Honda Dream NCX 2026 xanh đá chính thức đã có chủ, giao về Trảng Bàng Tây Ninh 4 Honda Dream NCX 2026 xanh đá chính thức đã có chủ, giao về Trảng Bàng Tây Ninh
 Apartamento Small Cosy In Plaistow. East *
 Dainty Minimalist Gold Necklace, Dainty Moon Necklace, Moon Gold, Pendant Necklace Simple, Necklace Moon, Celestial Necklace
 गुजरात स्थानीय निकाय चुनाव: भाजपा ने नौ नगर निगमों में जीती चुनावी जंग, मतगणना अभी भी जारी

WORK ITEM – The listing must be repeated in full, with nothing altered.

RESPONSE BOX –
Honda Dream NCX 2026 xanh đá chính thức đã có chủ, giao về Trảng Bàng Tây Ninh 4 Honda Dream NCX 2026 xanh đá chính thức đã có chủ, giao về Trảng Bàng Tây Ninh
 Apartamento Small Cosy In Plaistow. East *
 Dainty Minimalist Gold Necklace, Dainty Moon Necklace, Moon Gold, Pendant Necklace Simple, Necklace Moon, Celestial Necklace
 गुजरात स्थानीय निकाय चुनाव: भाजपा ने नौ नगर निगमों में जीती चुनावी जंग, मतगणना अभी भी जारी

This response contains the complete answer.